Most US students now use AI. Meet the ones who are just saying no.

When OpenAI released ChatGPT in 2022, it set off a firestorm among educators. Here was a tool that, with a few lines of direction, could gather reams of information, compose human-like sentences, and spit out an answer to seemingly any question. Students, they thought, would certainly use it to cheat.

As artificial intelligence chatbots’ popularity has ballooned, so, too, has alarm over its potential misuses. In March, The Wall Street Journal told parents, “There’s a Good Chance Your Kid Uses AI to Cheat.” New York Magazine declared that “Everyone Is Cheating Their Way Through College.” 

For many students, those headlines ring true. But not for all.

Why We Wrote This

As artificial intelligence intertwines itself with daily life, some students are pushing back. Their reasons range from profound to practical, and speak to preserving a sense of community – and humanity.

“What’s the point of going to college if you’re just going to rely on this thing to give you the right answers?” says Marie Norkett, a junior at St. John’s College in Santa Fe, New Mexico. “You’re not improving your mental capabilities.” 

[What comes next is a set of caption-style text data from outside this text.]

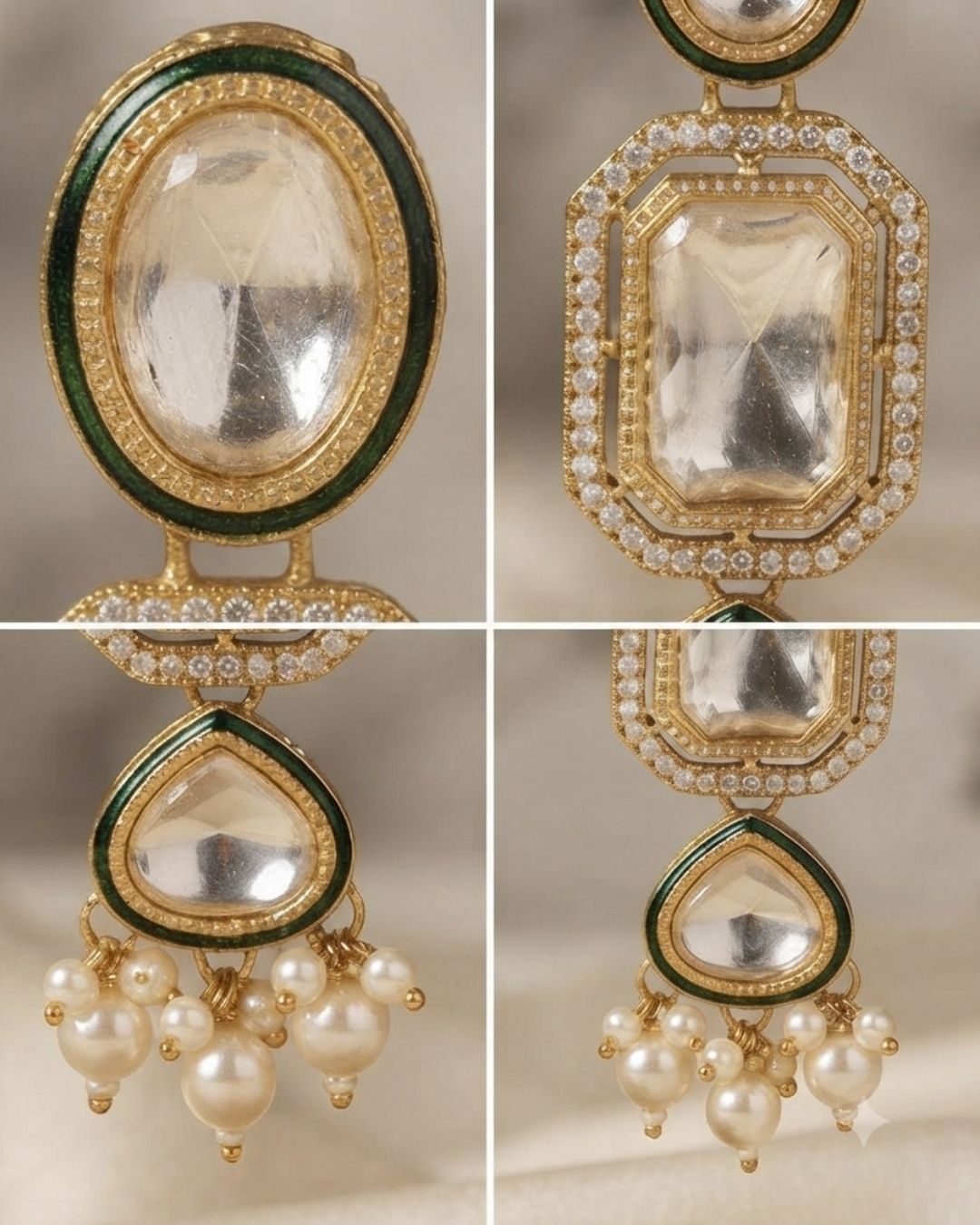 Crystal White & Antique Gold Kundan Pearl Dangler Earrings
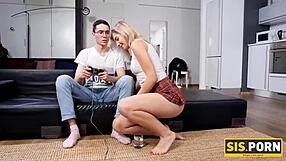 Nerdy boy tempted into blowjob and riding sex with blond stepsister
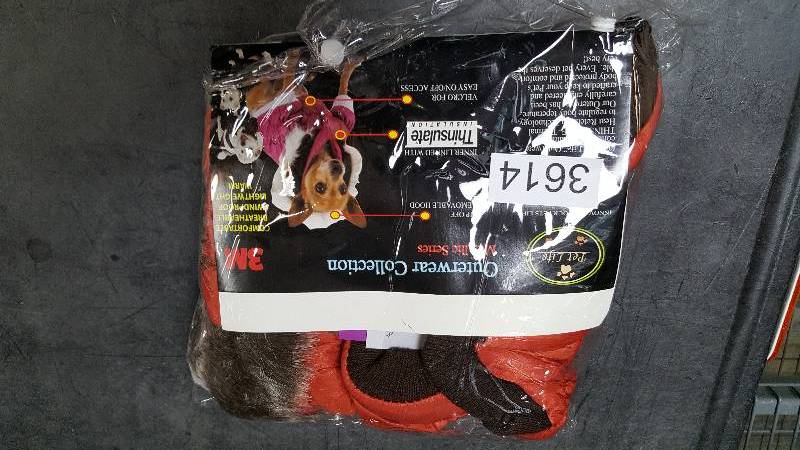 lot 3614 image: Metallic Fashion Pet Parka Coat - Orange - MEDIUM 18-20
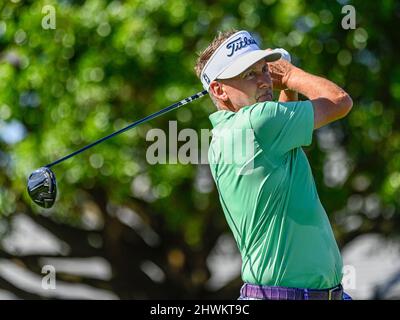 Orlando, FL, USA. 6th Mar, 2022. Ian Poulter of England on the 1st tee during final round of the Arnold Palmer Invitational presented by Mastercard held at Arnold Palmer's Bay Hill Club & Lodge in Orlando, Fl. Romeo T Guzman/CSM/Alamy Live News Stock Photo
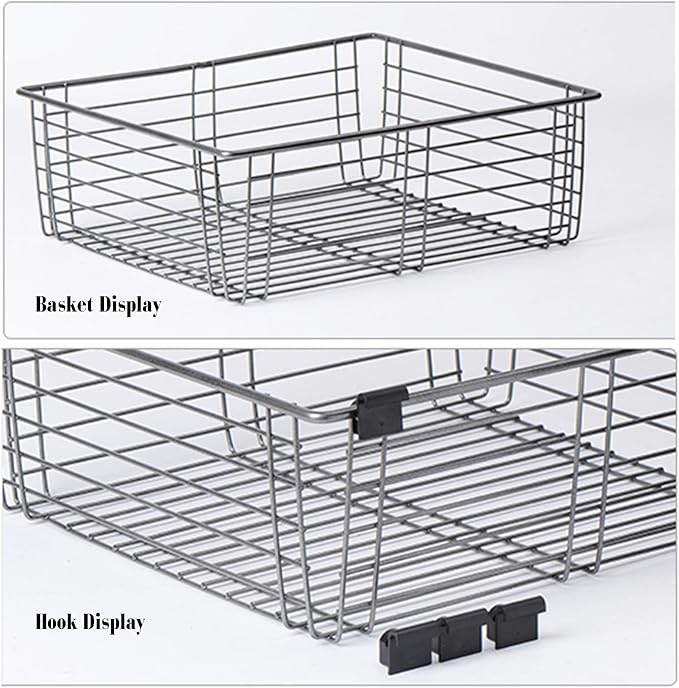 Pull-out Clothes Storage Basket,Stackable Shelf Baskets Organizer,Stackable Storage Bins with Slide Rails,for Wardrobe and Closet Drawer in Bedroom Office(White,29.92-31.88in)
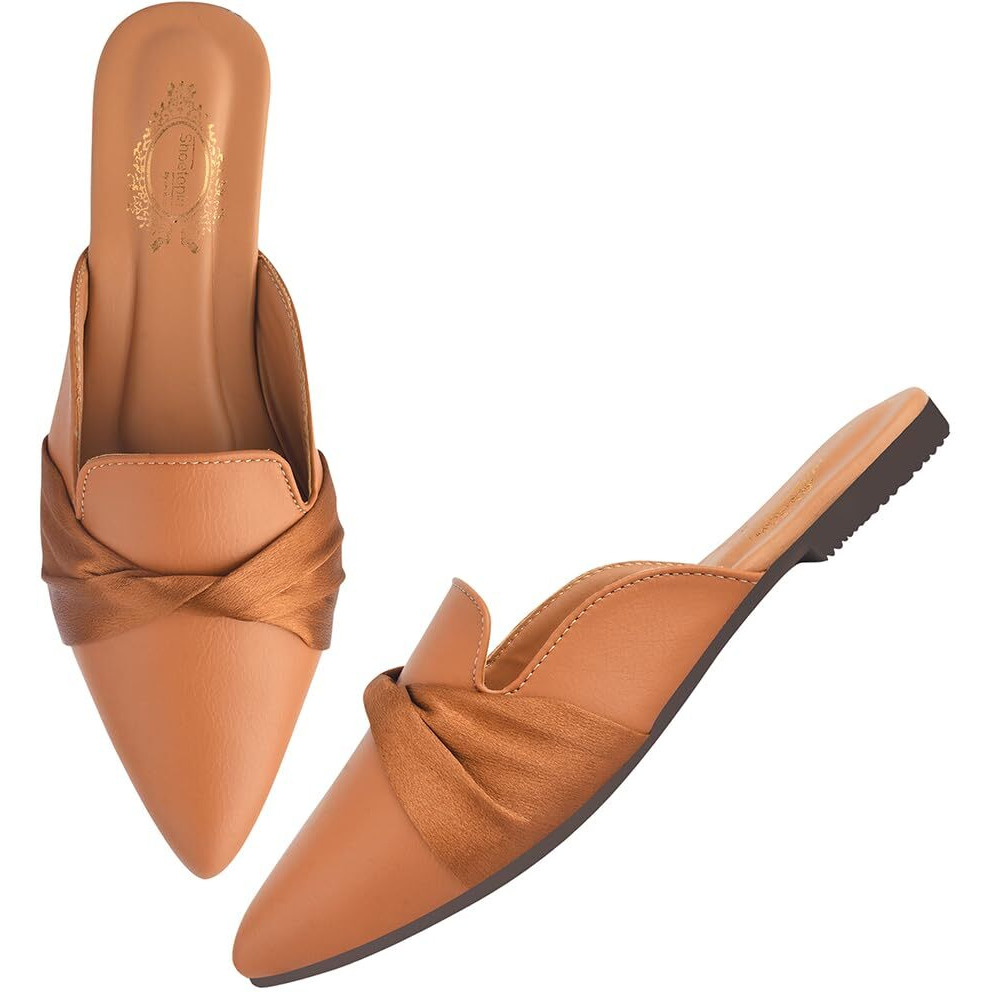 Shoetopia Women's Tanslip-On Mules  Pointed Toe Flats With Satin Ribbon Detailing | Stylish Casual & Office Eu41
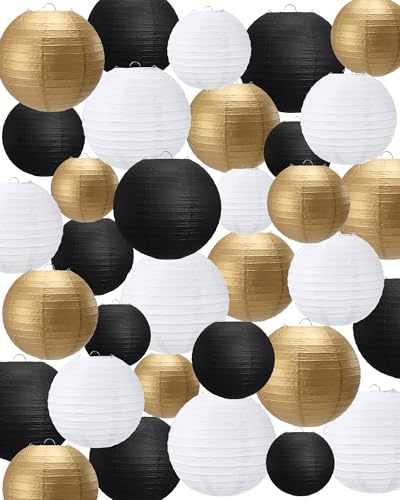 Treela 48 Pcs Paper Lanterns Party Decorations Chinese Lanterns Round Paper Decor 4/6/8/10 Inch Asian Hanging Lamps Decorative for Graduate Wedding Birthday Bridal Party Supplies(Gold,Black,White) - color: Gold,Black,White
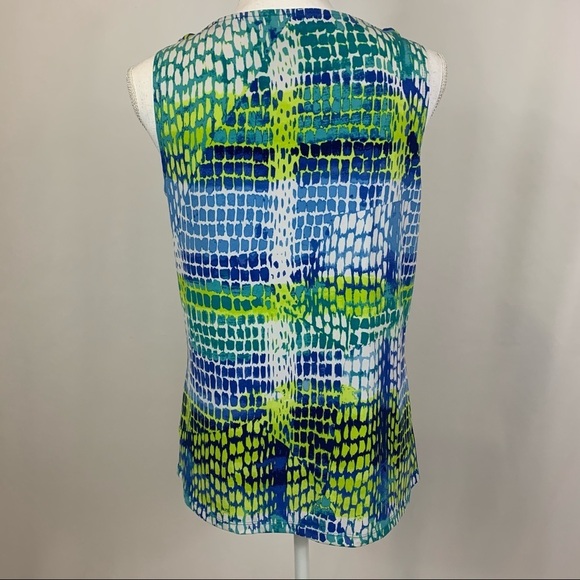 Michael Kors Twist Front Blue Green Pattern Top Size Large - Picture 5 of 7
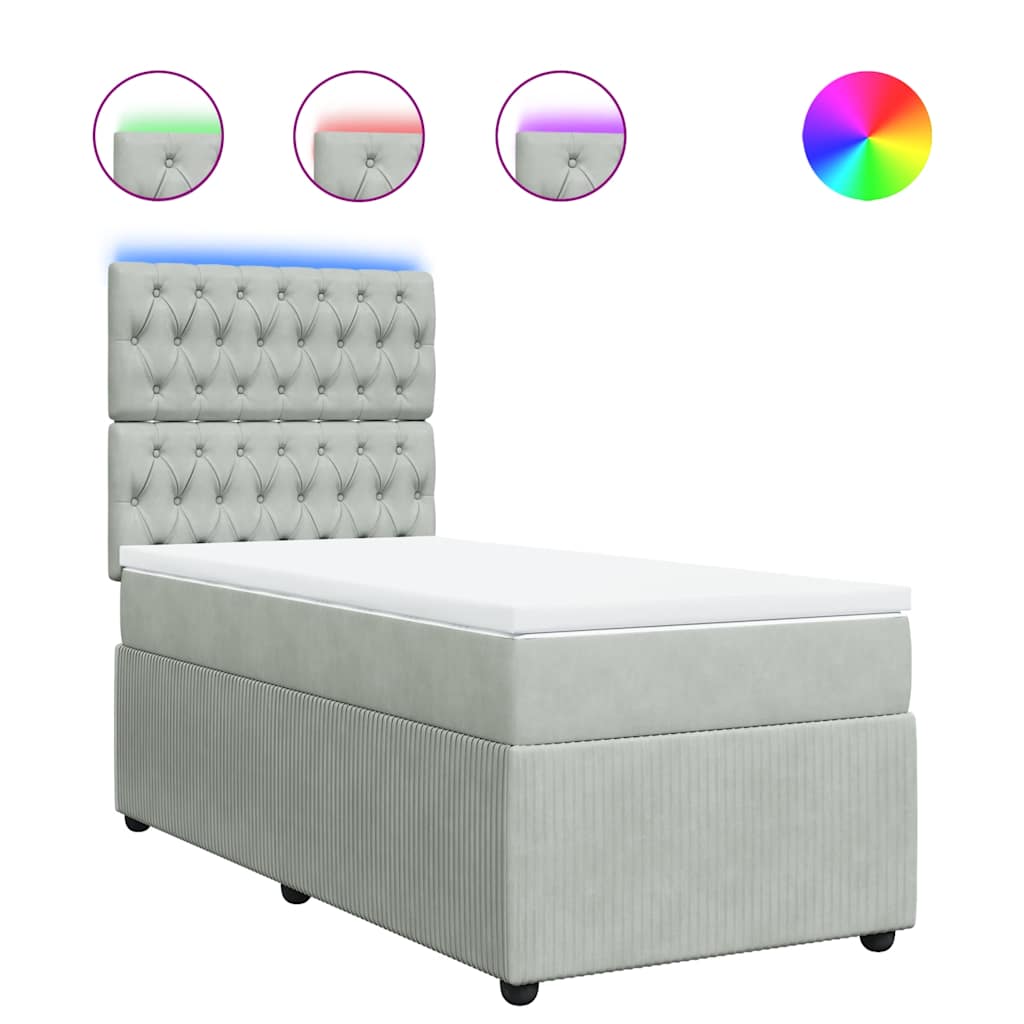 Box spring krevet s madracem svjetlosivi 80 x 200 cm baršunasti
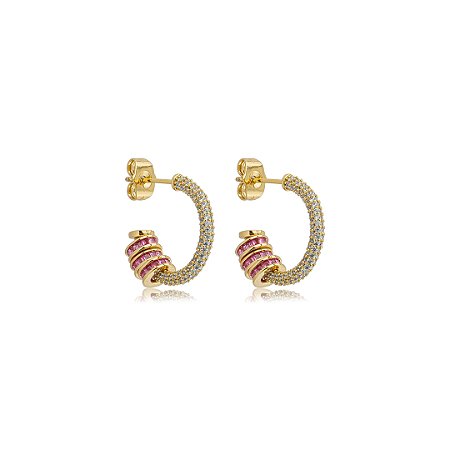Brinco de argola cravejado de zircônia cristal banho em ouro 18k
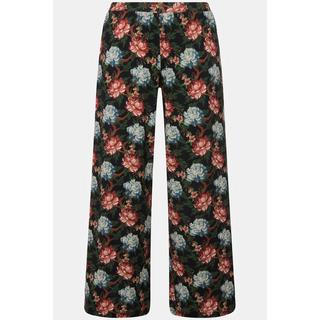 Ulla Popken  Pantalon en jersey, jambe large et taille élastique, motif floral 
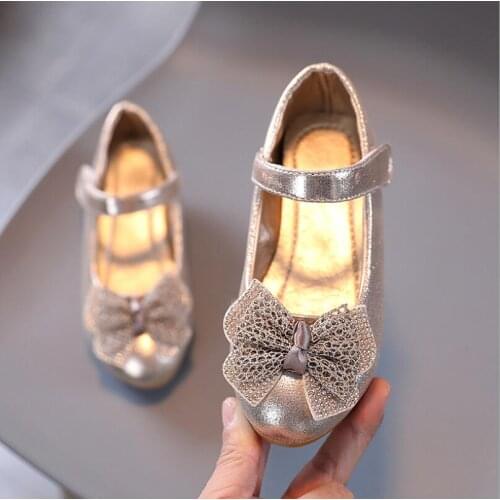 Fashion Princess Kids Leather Shoes For Girls Beautiful Casual Glitter Children High Heel Girls Shoes Butterfly Knot Gold Pink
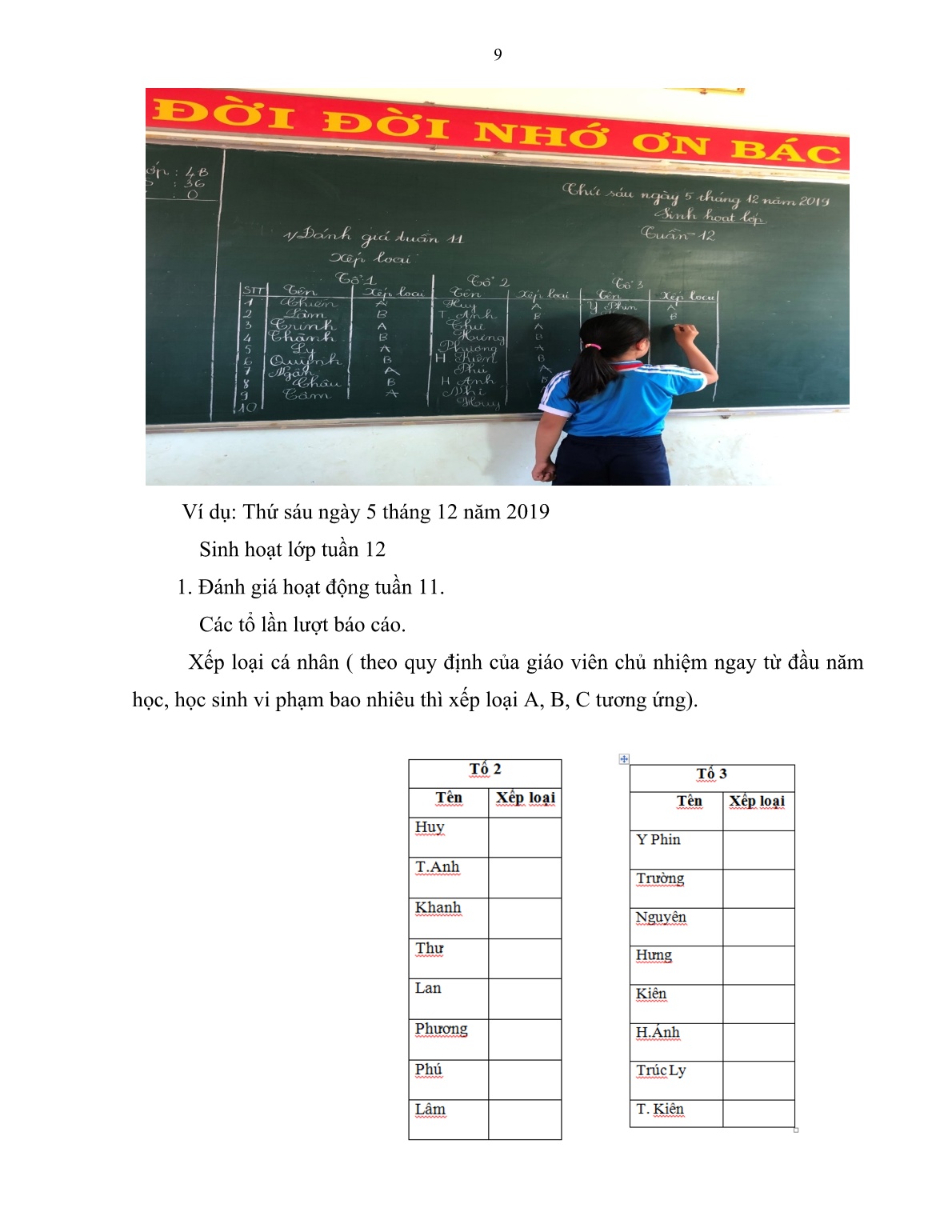 Sáng kiến kinh nghiệm Xây dựng tiết sinh hoạt lớp tích cực - thoải mái - hứng thú - hiệu quả trang 9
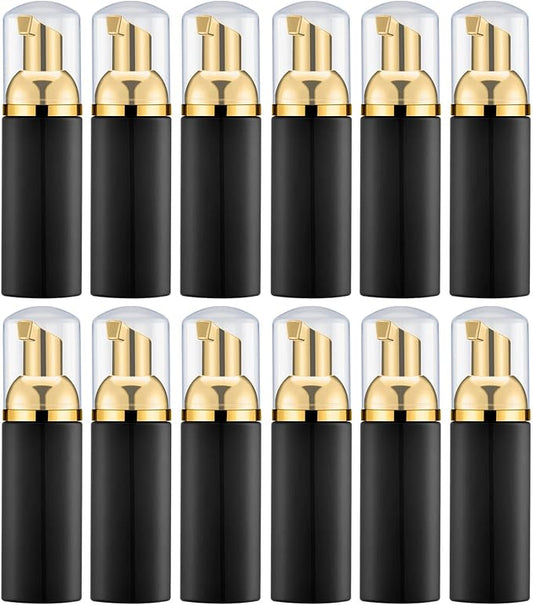 Lil Ray 2 Oz Empty Black Foam Pump Bottle, Foamer Soap Dispenser for Lash Shampoo, Hand Soap, Foaming Cleaner(Gold Pump, 12 PCS)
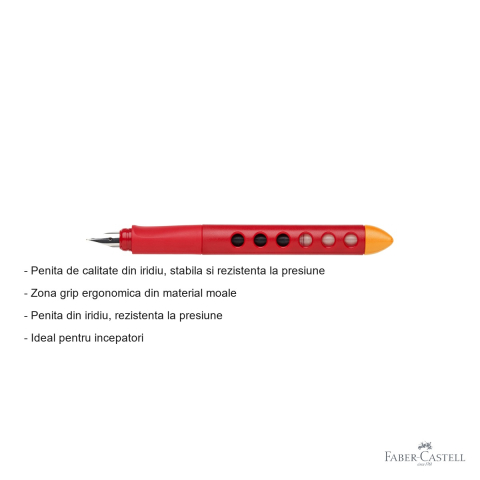 Stilou scolar Faber-Castell Scribolino, penita iridiu, zona grip ergonomica, pentru dreptaci incepatori [1]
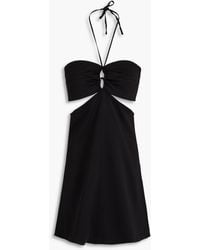 Maje - Cutout Crepe Halterneck Mini Dress - Lyst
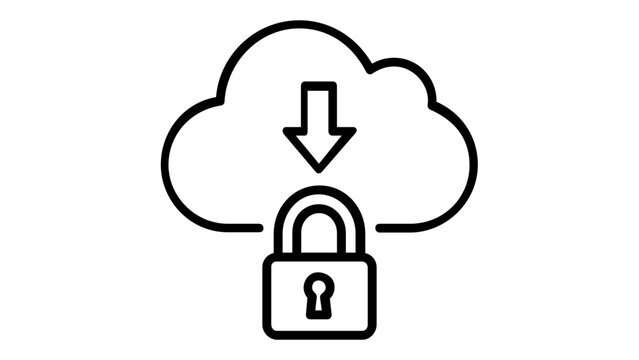 Secure Cloud Download Vector Icon Illustration: Minimalist Flat Design Representing Data Protection, Cybersecurity, Encrypted Cloud Storage, and Safe File Transfer for Web and App Interfaces.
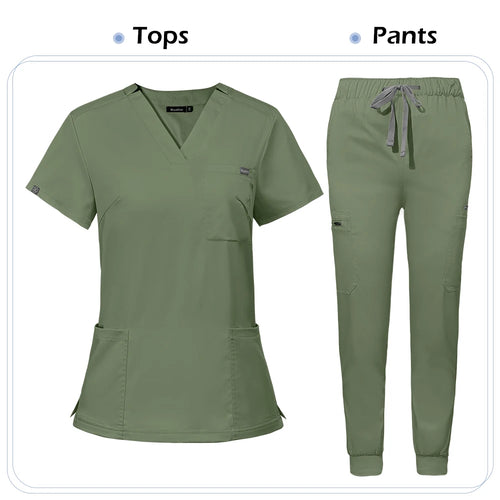 Scrub Sets Uniform Women Joggers Medical Accessories Healthcare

Ms. Norkett is among a cadre of students who choose not to use AI in their studies. They give reasons both profound and practical. Ms. Norkett, for example, worries not only about how cutting corners might dull her critical thinking skills, but also about the accuracy of what AI bots, which pull vast sums of information from the internet to mimic human cognition, produce.  

Such students are in the minority on campuses. In a September survey of college students by Copyleaks, the maker of an AI-powered plagiarism detector, 90% of respondents said they use AI for school work. Of course, not all of those students were using it to cheat: The most common uses reported were brainstorming (57%) and drafting outlines (50%).